The Roman fort in Caernarfon dates to around 70AD, and was built to garrison up to 1,000 soldiers
A museum cataloguing centuries of Roman rule in Wales is facing permanent closure, says the trust which runs it.
The Segontium Roman Museum in Caernarfon, Gwynedd is on a site which experts call one of the best preserved Roman fortresses in the world.
But cash from a five-year funding deal is running out, and the trust says it may not be able to open in the spring.
The Welsh Assembly Government says it hopes a solution can be found to save the centre from closure.
Segontium Cyf, a trust made up of local people, took over the running of the centre from National Museum Wales in 2003.
Since then, the day-to-day running costs of the centre have been met through a funding deal set-up by the national museum.
However, the chairman of the Segontium trust, Rhys Prytherch, says that cash is now running out, and they face the very real prospect of closing the museum doors for good in just a few weeks.
"We were given money for a five-year period by the National Museum and it is that money now which is drying up," said Mr Prytherch.
"That is the reason that we have to close it. We can't now afford to pay the staff, or the heating or lighting bills."
It's very sad. It's part of the heritage of the area... I think people are proud of it
Rhys Prytherch, Segontium Cyf
The museum was opened in 1924 after the site was excavated by the one of Britain's most famous archaeologists, Sir Mortimer Wheeler.
Dating back to around 70 AD, the Segontium site was the largest Roman garrison in north Wales, capable of housing up to 1,000 soldiers, under the control of the Roman forces at Deva - now Chester.
On an elevated position overlooking the Menai Strait with views of Anglesey and approaches from the Irish Sea, the fort remained the administrative centre for the area for around 300 years.
The site itself is so large that the whole of nearby Caernarfon Castle could fit into the garrison twice.
According to Raimund Karl, professor of archaeology and heritage at Bangor University, the fort remained historically important for more than 1,000 years.
"It played an important role, particularly in the medieval period through its association with Macsen Wledig, or Magnus Maximus, one of the British Roman emperors, or one of the pretenders to the Roman emperorship," said Prof Karl.
"It's seen as one of his primary sites with which he was associated."
It opened in 1924 after excavation by archaeologist Sir Mortimer Wheeler
The link to the Roman leader was seized on by members of royal Welsh households, keen to claim they were direct descendants, and legitimate rulers in Wales.
The figure also features in the Welsh Mabinogion stories, retelling how Macsen Wledig had a dream about a beautiful woman, later to find her at Segontium.
Regardless of any truth in the folk tales, or whether the Roman leader ever set foot in Caernarfon, Prof Karl said it did not impact on the importance of the site.
"It's one of the best preserved Roman forts in Wales, if not the world," he said.
The museum is due to close for its annual winter shutdown at the end of November.
"Unless we can find another source of funding, it will remain closed," said Mr Prytherch.

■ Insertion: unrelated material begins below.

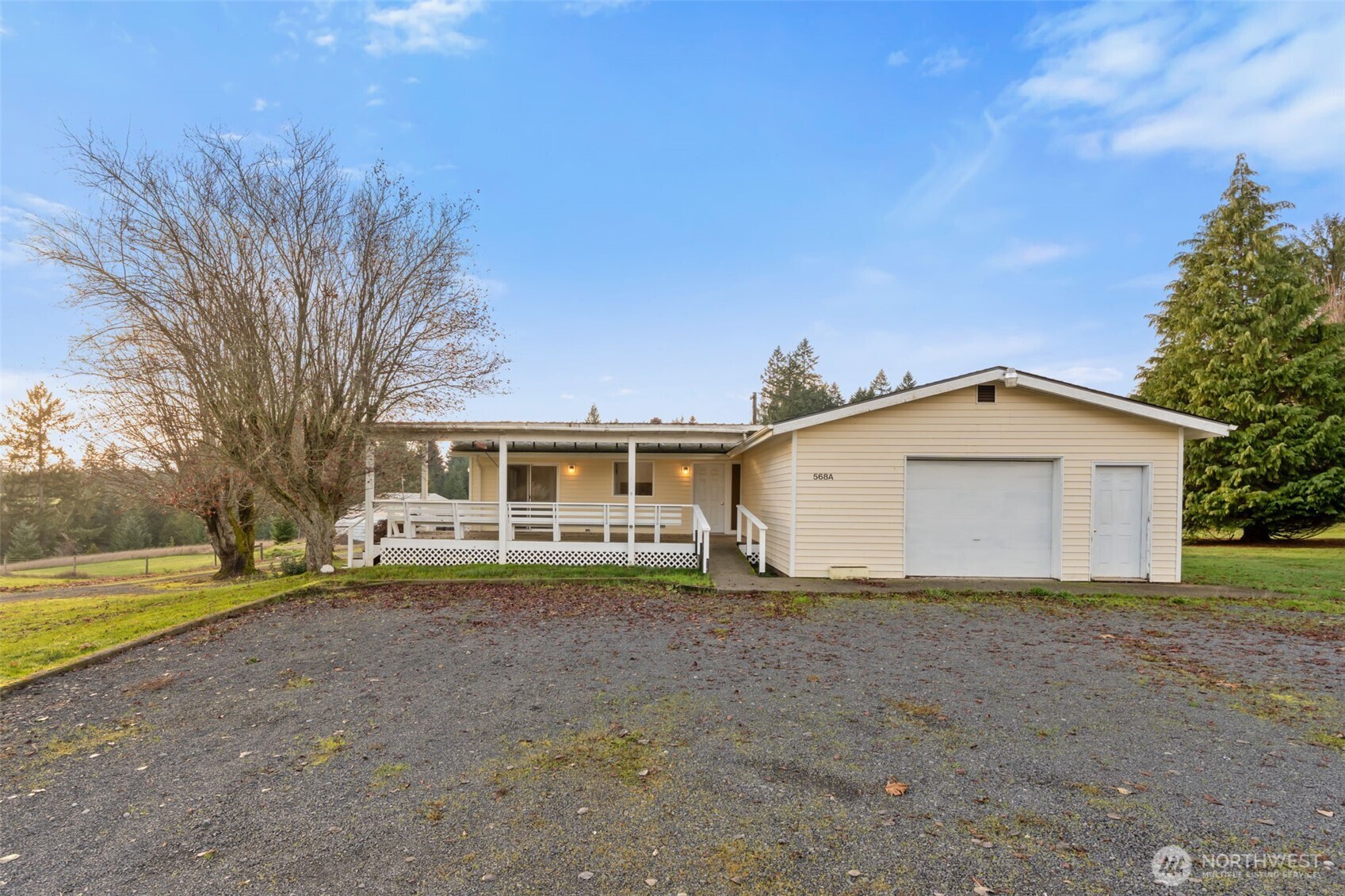568 A Cemetery Road Winlock, WA 98596 - Photo 3 of 38 a view of a house with a yard and large tree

"It's very sad. It's part of the heritage of the area. I think people are proud of it, they may not visit as often as they should, but I think they are proud of it."

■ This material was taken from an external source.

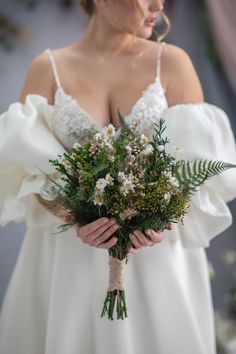 a woman in a white dress holding a bouquet of flowers and greenery on her wedding day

The trust is already in discussions with the national museum over what may happen to the current exhibits it houses in Caernarfon, including coins, jewellery and pottery.
The Roman ruins, which are on land owned by the National Trust, will remain in the care of the assembly government's heritage arm, Cadw.
The assembly government added: "Despite best efforts, Cadw is disappointed to hear that Segontium is facing closure. We remain hopeful that a solution regarding the future of the centre can be worked out."